Have you ever stopped to do a quality of life report? Have you ever stopped to assess your current life situation and ask yourself about its worth? I am doing that now. I think I decided to look at the quality of my life as I sat among the other middle school parents, waiting for my middle child, my last son, to step on stage and sing in his soft tenor. I was sitting in the audience, on hard school-issue chairs, trying to keep my very squiggly four-year-old still.

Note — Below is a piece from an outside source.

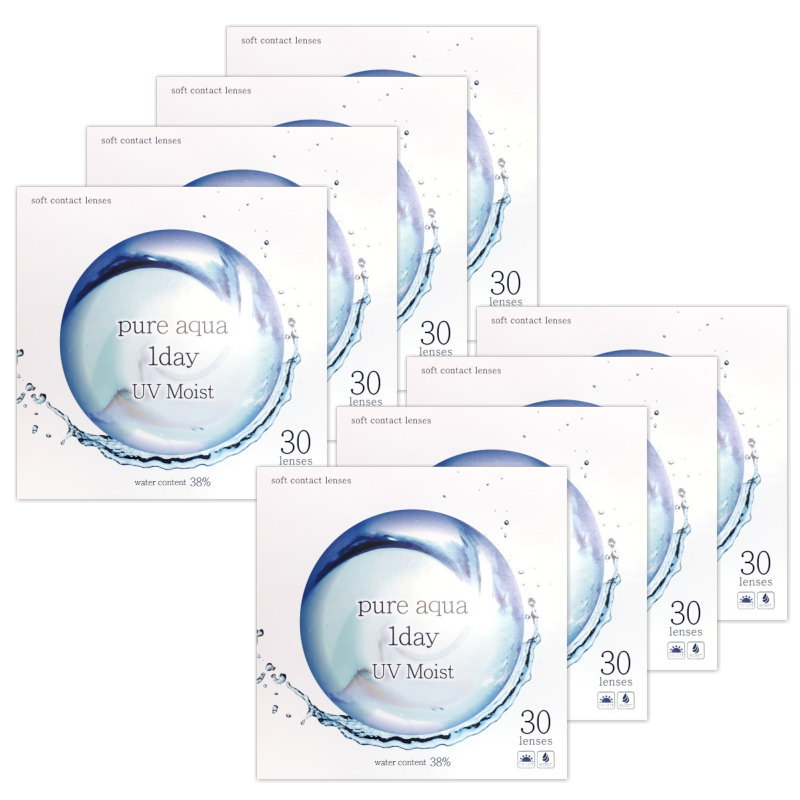 8箱セット クリアコンタクト ピュア アクア ワンデー UV Moist 38 1箱30枚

As the various choirs sang with their lovely, angelic voices, there was a silent war raging inside me as a stay-at-home mom, harried from all the running around of the day. I raced from one end of town to the other because my six-year-old had Daisy Scouts and welled up with puppy dog tears at the very mention of missing her monthly meeting. I can thank her troop leader for rescuing the night and offering to play chauffeur to my daughter after the troop meeting.
I quickly jumped into the drivers seat, interior warm against the winter blast, engine running as my thirteen-year-old sang his part in the front seat. He was oblivious of the prior stress he caused me this evening by not telling me about the concert until he came home from school today. Did he know I hadn't slept in three days because of his sisters illness and this was her first day back? Did he know I really wanted to cuddle up with them on this really chilly night and eat popcorn, have an impromptu Girls Night In since my husband was away on business? Did he even care? He was in his own mental, eighth-grade world, and the only thing that mattered was that I was at his beck-and-call. He had to make it the concert tonight, he was the only boy in the 8th grade concert singers and they needed his voice.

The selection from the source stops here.